_SUPPLIED MATERIAL:_
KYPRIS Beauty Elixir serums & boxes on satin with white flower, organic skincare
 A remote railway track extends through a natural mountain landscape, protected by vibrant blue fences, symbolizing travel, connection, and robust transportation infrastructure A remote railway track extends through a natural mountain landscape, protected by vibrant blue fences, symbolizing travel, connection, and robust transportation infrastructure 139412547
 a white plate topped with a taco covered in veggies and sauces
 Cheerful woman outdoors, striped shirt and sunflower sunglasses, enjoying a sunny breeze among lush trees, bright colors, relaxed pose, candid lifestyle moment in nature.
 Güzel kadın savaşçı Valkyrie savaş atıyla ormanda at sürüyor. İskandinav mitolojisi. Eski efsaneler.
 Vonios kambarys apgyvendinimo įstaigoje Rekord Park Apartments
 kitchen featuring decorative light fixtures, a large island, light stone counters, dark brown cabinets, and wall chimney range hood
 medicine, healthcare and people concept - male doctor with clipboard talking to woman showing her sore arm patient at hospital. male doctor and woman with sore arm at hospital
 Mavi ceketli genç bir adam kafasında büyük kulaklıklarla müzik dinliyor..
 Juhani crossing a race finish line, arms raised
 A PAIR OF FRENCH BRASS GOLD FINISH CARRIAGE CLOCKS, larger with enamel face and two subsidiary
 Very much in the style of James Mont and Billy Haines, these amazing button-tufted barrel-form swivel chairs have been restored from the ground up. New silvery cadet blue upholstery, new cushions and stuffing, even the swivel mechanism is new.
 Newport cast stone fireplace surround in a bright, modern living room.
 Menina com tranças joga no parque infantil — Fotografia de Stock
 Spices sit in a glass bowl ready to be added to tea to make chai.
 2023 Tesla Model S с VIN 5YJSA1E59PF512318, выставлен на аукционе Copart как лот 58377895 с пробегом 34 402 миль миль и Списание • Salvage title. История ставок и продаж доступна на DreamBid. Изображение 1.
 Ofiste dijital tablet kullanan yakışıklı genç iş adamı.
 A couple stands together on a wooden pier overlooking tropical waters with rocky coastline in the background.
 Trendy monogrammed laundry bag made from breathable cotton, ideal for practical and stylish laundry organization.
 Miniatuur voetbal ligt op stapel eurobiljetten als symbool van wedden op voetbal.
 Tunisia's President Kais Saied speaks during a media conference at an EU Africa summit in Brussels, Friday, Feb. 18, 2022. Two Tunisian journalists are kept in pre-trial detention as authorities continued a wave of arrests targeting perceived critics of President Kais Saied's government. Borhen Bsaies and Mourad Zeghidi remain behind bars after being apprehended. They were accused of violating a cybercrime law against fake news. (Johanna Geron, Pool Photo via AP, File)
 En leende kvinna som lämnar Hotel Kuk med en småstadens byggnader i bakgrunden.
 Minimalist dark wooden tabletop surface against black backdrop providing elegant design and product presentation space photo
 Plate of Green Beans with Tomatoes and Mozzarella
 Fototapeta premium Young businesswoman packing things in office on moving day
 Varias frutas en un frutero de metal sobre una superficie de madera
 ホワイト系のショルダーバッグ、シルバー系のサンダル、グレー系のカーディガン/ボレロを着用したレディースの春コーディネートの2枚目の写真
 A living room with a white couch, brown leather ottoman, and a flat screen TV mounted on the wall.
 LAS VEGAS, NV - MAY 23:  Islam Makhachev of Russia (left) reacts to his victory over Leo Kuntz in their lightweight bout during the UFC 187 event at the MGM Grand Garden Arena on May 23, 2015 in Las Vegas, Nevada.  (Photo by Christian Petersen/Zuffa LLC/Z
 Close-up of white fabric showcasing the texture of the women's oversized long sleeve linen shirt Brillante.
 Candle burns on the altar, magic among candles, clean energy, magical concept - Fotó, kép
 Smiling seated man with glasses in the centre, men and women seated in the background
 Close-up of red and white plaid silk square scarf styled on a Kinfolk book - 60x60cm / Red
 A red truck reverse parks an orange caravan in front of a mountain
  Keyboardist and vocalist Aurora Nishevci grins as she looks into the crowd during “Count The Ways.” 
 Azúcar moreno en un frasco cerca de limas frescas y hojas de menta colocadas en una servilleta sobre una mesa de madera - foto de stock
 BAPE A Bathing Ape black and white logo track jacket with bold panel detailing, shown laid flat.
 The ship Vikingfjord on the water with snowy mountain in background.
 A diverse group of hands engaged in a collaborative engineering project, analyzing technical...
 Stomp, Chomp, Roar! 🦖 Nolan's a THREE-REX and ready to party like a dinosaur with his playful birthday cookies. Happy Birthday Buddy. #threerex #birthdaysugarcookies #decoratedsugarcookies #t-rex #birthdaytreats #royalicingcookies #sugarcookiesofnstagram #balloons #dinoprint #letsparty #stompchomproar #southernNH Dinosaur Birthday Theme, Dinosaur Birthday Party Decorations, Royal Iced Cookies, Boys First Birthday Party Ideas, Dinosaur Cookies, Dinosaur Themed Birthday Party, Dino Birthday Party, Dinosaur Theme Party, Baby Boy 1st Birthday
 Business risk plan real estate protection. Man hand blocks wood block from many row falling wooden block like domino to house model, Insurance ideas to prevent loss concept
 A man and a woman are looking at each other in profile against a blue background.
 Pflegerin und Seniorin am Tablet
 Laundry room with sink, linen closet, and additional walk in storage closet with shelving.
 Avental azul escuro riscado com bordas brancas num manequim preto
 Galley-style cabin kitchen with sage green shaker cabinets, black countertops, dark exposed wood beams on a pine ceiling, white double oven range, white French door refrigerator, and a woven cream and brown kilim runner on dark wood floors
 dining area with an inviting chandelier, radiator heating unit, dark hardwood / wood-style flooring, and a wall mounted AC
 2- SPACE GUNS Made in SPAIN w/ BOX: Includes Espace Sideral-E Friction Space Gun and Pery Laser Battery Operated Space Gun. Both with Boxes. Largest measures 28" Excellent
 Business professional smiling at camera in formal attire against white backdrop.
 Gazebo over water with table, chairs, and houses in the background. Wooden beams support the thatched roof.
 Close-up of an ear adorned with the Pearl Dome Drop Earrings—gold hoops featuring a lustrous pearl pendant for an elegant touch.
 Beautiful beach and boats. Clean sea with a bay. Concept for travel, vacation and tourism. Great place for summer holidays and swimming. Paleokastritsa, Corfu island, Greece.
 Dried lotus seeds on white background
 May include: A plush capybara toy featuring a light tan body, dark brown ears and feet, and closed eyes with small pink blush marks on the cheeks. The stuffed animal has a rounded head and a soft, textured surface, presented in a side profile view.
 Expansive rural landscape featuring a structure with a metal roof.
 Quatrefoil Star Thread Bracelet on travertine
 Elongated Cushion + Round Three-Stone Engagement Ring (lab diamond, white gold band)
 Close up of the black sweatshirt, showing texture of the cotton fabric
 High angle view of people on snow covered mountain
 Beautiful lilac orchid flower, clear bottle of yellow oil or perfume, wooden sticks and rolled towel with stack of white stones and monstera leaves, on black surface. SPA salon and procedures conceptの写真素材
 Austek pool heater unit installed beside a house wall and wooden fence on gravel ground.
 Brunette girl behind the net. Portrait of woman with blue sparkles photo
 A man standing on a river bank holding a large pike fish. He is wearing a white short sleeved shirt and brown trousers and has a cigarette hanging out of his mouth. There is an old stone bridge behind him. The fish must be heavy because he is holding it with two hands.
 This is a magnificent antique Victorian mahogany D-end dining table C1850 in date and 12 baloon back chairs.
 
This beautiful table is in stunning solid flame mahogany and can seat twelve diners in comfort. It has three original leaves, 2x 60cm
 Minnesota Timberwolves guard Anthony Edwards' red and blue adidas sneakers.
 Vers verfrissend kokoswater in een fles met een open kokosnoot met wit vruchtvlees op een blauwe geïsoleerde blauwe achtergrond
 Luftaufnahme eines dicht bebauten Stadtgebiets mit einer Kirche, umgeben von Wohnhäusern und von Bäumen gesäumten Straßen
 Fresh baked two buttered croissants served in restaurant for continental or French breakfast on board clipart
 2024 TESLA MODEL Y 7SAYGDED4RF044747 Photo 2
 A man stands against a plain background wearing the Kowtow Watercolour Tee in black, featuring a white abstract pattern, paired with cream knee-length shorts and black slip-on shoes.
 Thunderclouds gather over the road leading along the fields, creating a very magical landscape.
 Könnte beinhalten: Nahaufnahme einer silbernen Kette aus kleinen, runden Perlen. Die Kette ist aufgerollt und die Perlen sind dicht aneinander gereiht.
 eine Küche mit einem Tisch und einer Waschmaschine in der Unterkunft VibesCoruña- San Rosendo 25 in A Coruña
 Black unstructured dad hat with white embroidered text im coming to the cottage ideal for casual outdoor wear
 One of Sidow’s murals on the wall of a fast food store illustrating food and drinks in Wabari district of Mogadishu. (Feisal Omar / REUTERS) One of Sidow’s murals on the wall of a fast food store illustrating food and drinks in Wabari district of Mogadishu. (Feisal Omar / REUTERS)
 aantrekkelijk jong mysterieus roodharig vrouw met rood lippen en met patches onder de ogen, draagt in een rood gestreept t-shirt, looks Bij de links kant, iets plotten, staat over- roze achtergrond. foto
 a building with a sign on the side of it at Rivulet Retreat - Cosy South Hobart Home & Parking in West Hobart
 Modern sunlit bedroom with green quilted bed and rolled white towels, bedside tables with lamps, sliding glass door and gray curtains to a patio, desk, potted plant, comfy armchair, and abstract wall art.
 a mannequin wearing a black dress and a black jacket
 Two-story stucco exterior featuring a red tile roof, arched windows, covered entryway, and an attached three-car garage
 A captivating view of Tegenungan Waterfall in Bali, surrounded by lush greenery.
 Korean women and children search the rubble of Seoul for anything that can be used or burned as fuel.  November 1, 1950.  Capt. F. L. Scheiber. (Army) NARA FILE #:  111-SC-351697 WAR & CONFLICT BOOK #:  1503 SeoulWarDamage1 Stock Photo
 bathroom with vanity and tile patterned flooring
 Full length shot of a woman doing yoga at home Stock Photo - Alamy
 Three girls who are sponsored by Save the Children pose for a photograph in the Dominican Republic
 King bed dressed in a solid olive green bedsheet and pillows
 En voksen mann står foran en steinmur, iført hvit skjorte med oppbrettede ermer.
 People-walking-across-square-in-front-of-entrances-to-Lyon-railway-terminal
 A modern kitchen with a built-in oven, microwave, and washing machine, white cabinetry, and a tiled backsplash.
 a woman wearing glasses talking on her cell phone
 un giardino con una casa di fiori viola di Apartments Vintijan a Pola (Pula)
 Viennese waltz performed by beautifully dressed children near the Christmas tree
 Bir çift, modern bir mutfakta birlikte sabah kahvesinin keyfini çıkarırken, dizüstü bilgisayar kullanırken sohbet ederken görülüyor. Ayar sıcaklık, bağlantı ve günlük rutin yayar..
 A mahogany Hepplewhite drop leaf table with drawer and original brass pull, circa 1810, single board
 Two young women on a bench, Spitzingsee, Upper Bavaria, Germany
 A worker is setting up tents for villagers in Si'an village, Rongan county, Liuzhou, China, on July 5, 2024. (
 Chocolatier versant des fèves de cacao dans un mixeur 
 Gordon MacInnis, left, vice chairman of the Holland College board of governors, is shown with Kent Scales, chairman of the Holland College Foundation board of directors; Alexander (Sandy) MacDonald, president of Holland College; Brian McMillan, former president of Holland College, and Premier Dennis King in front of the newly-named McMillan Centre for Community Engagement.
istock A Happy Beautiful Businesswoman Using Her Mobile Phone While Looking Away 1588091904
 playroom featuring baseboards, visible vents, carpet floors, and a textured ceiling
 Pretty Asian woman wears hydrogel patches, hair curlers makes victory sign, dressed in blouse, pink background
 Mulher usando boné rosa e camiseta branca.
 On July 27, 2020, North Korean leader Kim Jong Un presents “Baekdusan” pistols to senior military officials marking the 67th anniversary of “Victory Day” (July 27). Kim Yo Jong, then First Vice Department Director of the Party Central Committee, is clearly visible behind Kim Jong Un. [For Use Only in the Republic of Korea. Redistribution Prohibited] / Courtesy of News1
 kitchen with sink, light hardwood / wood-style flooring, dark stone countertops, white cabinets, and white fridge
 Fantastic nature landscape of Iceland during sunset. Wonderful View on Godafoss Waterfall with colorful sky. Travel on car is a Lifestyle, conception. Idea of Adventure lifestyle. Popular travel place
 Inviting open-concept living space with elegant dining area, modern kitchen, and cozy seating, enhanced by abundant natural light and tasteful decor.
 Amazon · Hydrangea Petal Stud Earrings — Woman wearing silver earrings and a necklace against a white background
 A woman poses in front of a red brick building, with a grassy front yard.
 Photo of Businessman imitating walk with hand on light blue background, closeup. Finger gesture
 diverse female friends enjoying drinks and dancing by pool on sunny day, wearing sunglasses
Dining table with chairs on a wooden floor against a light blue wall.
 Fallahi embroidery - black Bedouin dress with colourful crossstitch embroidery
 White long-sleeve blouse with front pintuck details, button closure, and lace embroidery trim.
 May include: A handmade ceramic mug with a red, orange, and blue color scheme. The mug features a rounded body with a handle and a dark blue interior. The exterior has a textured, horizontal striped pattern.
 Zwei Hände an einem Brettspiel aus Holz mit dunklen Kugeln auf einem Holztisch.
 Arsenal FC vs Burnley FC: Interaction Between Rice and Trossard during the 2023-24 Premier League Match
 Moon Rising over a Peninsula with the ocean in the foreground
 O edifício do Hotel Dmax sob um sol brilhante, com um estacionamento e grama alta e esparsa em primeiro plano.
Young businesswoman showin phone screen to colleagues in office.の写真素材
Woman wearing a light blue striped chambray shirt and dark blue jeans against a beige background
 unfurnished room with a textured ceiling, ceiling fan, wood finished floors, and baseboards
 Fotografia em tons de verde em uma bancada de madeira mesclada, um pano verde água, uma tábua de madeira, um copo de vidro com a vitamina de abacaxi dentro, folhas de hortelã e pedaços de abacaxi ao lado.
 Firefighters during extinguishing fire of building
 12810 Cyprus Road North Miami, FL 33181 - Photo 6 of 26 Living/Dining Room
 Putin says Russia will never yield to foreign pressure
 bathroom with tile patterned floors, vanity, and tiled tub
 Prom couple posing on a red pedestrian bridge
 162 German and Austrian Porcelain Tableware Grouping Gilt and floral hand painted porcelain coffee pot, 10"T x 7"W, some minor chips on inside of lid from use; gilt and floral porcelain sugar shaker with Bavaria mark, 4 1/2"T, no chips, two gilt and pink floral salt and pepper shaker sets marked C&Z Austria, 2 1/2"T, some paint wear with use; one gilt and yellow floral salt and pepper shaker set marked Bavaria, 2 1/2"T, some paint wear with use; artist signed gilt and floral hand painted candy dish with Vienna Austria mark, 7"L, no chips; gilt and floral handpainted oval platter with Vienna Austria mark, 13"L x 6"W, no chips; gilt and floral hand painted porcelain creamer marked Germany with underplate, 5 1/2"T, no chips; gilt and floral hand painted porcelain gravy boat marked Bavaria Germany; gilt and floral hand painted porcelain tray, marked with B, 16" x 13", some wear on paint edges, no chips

_TRY IT:_ For the lines above, output exactly those from the line containing "2024 TESLA MODEL Y 7SAYGDED4RF044747 Photo 2" through the line containing "Black unstructured dad", and skip the others.

_TASK SOLUTION:_
 2024 TESLA MODEL Y 7SAYGDED4RF044747 Photo 2
 A man stands against a plain background wearing the Kowtow Watercolour Tee in black, featuring a white abstract pattern, paired with cream knee-length shorts and black slip-on shoes.
 Thunderclouds gather over the road leading along the fields, creating a very magical landscape.
 Könnte beinhalten: Nahaufnahme einer silbernen Kette aus kleinen, runden Perlen. Die Kette ist aufgerollt und die Perlen sind dicht aneinander gereiht.
 eine Küche mit einem Tisch und einer Waschmaschine in der Unterkunft VibesCoruña- San Rosendo 25 in A Coruña
 Black unstructured dad hat with white embroidered text im coming to the cottage ideal for casual outdoor wear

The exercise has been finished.